I love a good fantasy tale, but this tale of Robin adhered to a fairly realistic pattern throughout, so the marriage at the end at which Friar Tuck turns out to be the Green Man just didn't make any sense. It was one more insult to a wonderful legend, in a film that is a string of insults.
The Kevin Costner vehicle Robin Hood: Prince of Thieves (1991) adheres for the most part to the main Robin legend pitting him against the Sheriff of Nottingham (Alan Rickman chewing the scenery) & introducing us to each of the Merry Men.
In terms of the support cast there are tremendous performances from Sean Connery as King Richard, Morgan Freeman as Azeem, & even Christian Slater as Will Scarlet does pretty well. The weak roles are Costner as a dandified dufus of a Robin, & Mary Elizabeth Mastrantonio as a pretty but vacuous Maid Marian. As these are the most important roles, the film pretty much falls on its face because of them.
The mediocre script is not enhanced by unintentional camp like the special FX permitting the audience to ride through the air on Robin's arrow, perhaps the film's most overtly retarded moment which inspired Mel Brooks to create his spoof.
The fact that Alan Rickman won a BAFTA for best supporting actor, while Kevin Costner got only a Razzie for worst actor, pretty much says it all. Costner throughout seems to be prancing around in front of his mommy exclaiming, "Look at me! I'm Robin Hood!" & only his mommy could think it was cute. Get rid of Costner, though, & there would've been an adequate film here.
Mel Brooks' Robin Hood: Men in Tights (1993) has its moments, but in the main comes off as "what if the Monty Python films weren't all that funny?"
Even at that, it's a better adventure than Costner's "serious" attempt, with Cary Elwes imitating Errol Flynn quite pleasantly, & Amy Yasbeck a charming Maid Marian.
It plays with a couple different Robin movies, but is mainly a spoof of Kevin Costner's film. Unless one finds it just terribly funny to have Morgan Freeman as Azeem the Moor turned into Isaac Hayes as Asneeze, it just won't come across as any funnier than the original. The cast is forever mugging & struggling to save material & are sometimes great fun despite the weakness of the material. Compare it to Terry Gilliam's Jabberwocky (1977) to see how much better it might've been.
For all that the intent is to be humorous, the Brooks film has better swordplay & martial choreography than the Costner vehicle. If too much of the comedy misfires, the twee musical number is at least a delight, & the rest a better family film than than most, as the younger viewers would be apt to take it quite seriously (except for the punning including potty puns which might strike ten year olds as riotous).
The classiest of all takes on the Robin Hood legend is is Robin & Marian (1976), a poetic heartwrenching tale.

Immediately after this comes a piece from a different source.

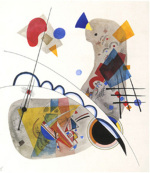 Graue Form, 1922 art print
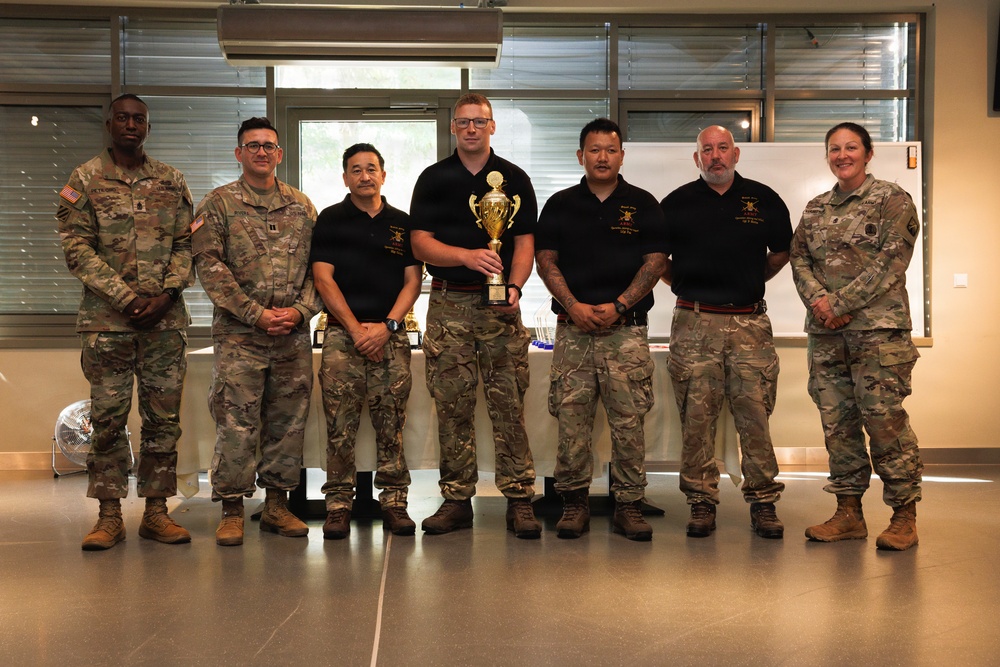 16th Sustainment Brigade Stirrup and Whisk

Even so, the most famous version has got to be Errol Flynn's The Adventures of Robin Hood (1938).
The Flynn film has all the campiness expected of an old technicolor Hollywood extravaganza, but the casting is so appealing & the story so gung-ho & jolly, attempts to improve upon its vim & verve have generally failed. It remains a superior family film, with the humor more grin-worthy than in Mel Brooks' film & the adventurousness more gripping than in Costner's.
There's a true innocence to Flynn's performance which would be hard to duplicate in our more cynical times. Flynn truly set the highest possible standard for swashbuckling charm, & no one has yet knocked him from the post of definitive Robin.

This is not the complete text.